Archive for June, 2012

Friday spotlight by Pam

June 21, 2012

Today we have good news to announce.  Bri Lee had her baby early Thursday morning. Both she and baby are doing well.   I don’t have any other particulars about the baby just now.

Our spotlight this week is someone I have known for many, many years. She was one of the first sisters I met when I first joined the church as a senior in high school.  Here is her story in her own words.  Thelma Remick:

Although I, Thelma Louise Leavitt Remick, was born in Portsmouth, New Hampshire, I consider myself a true “Mainer”.  I’ve lived the bulk of my life on the same road in Eliot, Maine – first at my parents’ home, and then my own home 2 1/2 miles away.

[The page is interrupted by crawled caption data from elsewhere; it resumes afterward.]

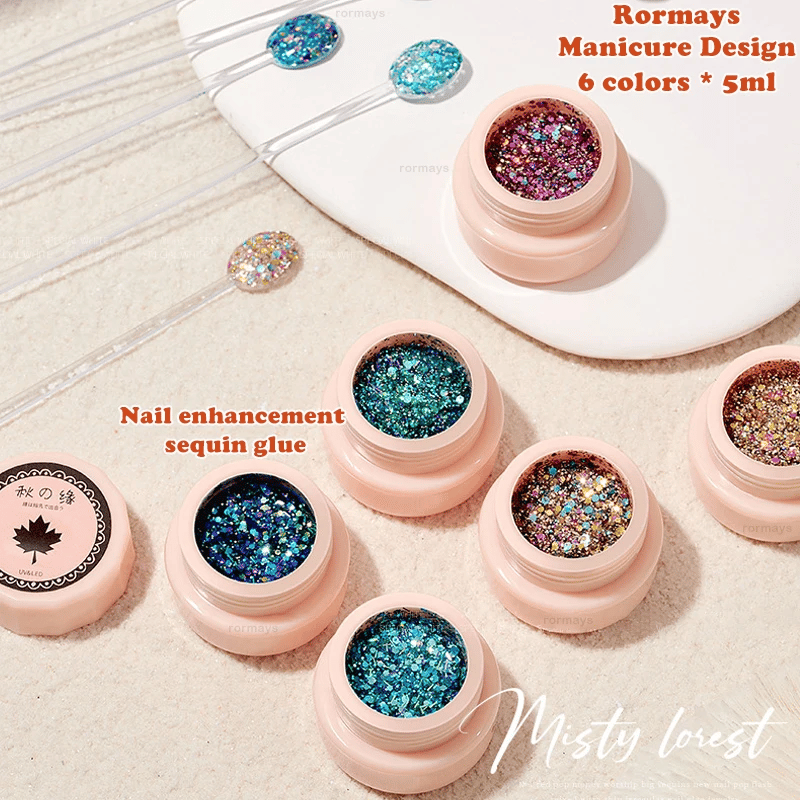 Rormays high-density 6-color platinum UV nail polish gel set nail polish design nail polish glitter fine powder lining paint gel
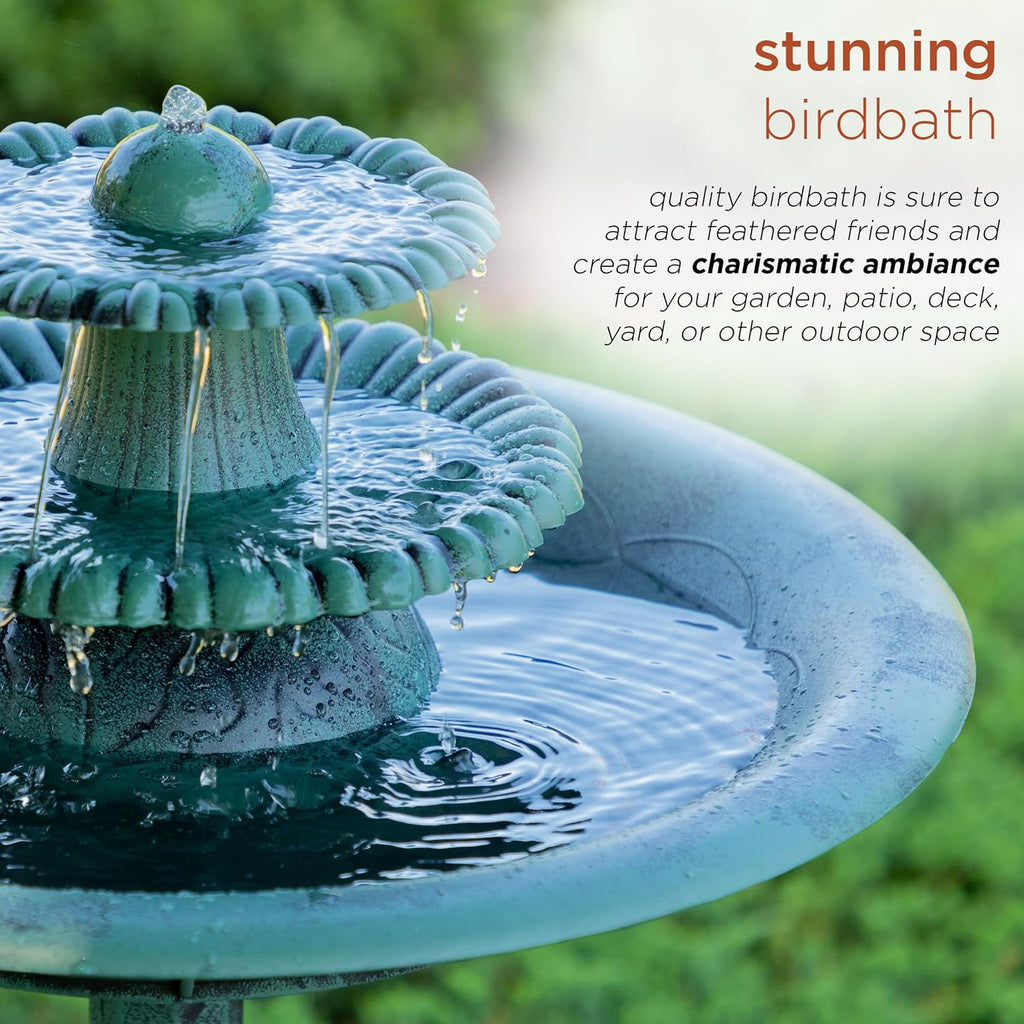 35" Tall 3-Tier Outdoor Pedestal Water Fountain – Durable Resin Cascading Water Feature and Birdbath for Garden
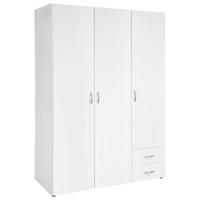 Drehtürenschrank+ Schubladen B: 121 cm Base 3, Weiß - Eichefarben/Weiß, Design, Holzwerkstoff (121/177/52cm) - Carryhome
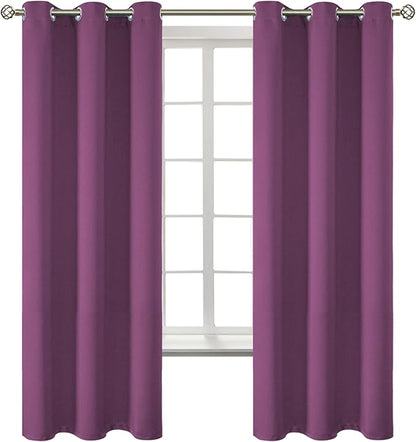 BGment Room Darkening Curtains 63 Inches Long - Grommet Thermal Insulated Drapes Window Treatment Curtains for Bedroom, 2 Panels, 42 x 63 Inch, Eggplant Purple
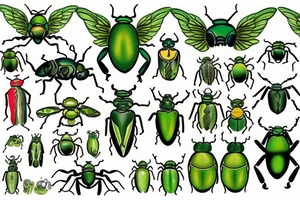 green beetle angel tattoo idea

I attended the East Eliot Methodist Church for all of my growing up years.  It was a 10 minute walk from my parents’ home.  I served for several years as the Sunday School Superintendent, and then as a leader of the Methodist Youth Fellowship with David, my husband.

Shortly after David and I were married in 1968, an elderly friend, Goldie Downing, sent the LDS missionaries to our door,.and we took the discussions.  Everything I heard struck a chord in my soul, and I was baptized 17 April 1971 in the font in the large room to the left of the hall leading to the Primary room.  David had no interest in the Church, but our cat, Felicia, was very interested.  She would turn her head to listen very intently to the missionary who was speaking.

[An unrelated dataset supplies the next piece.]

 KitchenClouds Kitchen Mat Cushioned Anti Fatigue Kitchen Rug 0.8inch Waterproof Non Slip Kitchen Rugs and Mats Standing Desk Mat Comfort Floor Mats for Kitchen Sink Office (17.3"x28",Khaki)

My journey to the temple began about 1996 when I decided to learn all I could about temples.  I studied and made a temple notebook, then attended the Temple Preparation Classes taught by Larry Hansen.  LauraLee Slocum and Debra Wolcott went with me to the temple.

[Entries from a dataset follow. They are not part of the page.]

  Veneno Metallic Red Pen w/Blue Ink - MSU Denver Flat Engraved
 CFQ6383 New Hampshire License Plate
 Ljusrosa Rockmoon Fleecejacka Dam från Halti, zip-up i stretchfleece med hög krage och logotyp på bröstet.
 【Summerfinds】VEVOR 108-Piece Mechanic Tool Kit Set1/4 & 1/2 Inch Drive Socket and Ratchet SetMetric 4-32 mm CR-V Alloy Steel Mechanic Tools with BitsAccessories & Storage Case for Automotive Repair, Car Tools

My temple appointment was scheduled for 8 A.M. on Friday, the 17th of September 1999.  Then, along came Hurricane Floyd!  Flights were canceled on Thursday and Friday.  Debra called the airlines early Friday morning and discovered that the 6:15 A.M. flight on Saturday which had previously been canceled, was now opened up and she booked us on it.  We got up at 3 A.M. Saturday, were on the road at 4 A.M., and arrived at the Manchester airport by 5 A.M.  We arrived in Baltimore, Maryland at 7:20 A.M., made a wrong turn getting onto Route 495, turned around, and finally arrived at the Washington Temple at 8:40 A.M.  They were waiting for us, so everything moved along very quickly.  After the Endowment Session, we ate lunch in the temple cafeteria, and then decided that after getting up at 3 two mornings in a row, we were too exhausted for a second session.  We purchased garments, walked to the Visitors’ Center, and then drove to the LDS Bookstore nearby.  What a thrill!  All those LDS books in one place!  As we drove out of Baltimore, we saw two rainbows, one bright, the other off to the side and fainter.  There had been no rain – it was a beautiful, sunny day all day – but the two rainbows followed us almost all the way to the airport.  There was a gorgeous sunset as we flew out of Baltimore.

I have served in Primary as a teacher, counselor, and as President for 5 1/2 years.  I have served in Relief Society as a teacher, secretary, counselor, pianist, chorister,  and as President for 2 1/2 years.  I also served in Young Women’s as secretary and pianist.  I have been Ward Organist for nearly 40 years!

The highlights of my life are my 2 daughters, Catherine and Nicole.  Catherine came along after 14 years of marriage.  And then there are my granddaughters, Mkahyla and Hailey, and a grandson, Tristan.

I love reading, learning, painting 3-dimensional pictures on glass, gardening, and genealogy.  Over the years ,since 1986 when I joined the York County Genealogical Society , I have become the Treasurer, Librarian, and now the Editor of our quarterly journal.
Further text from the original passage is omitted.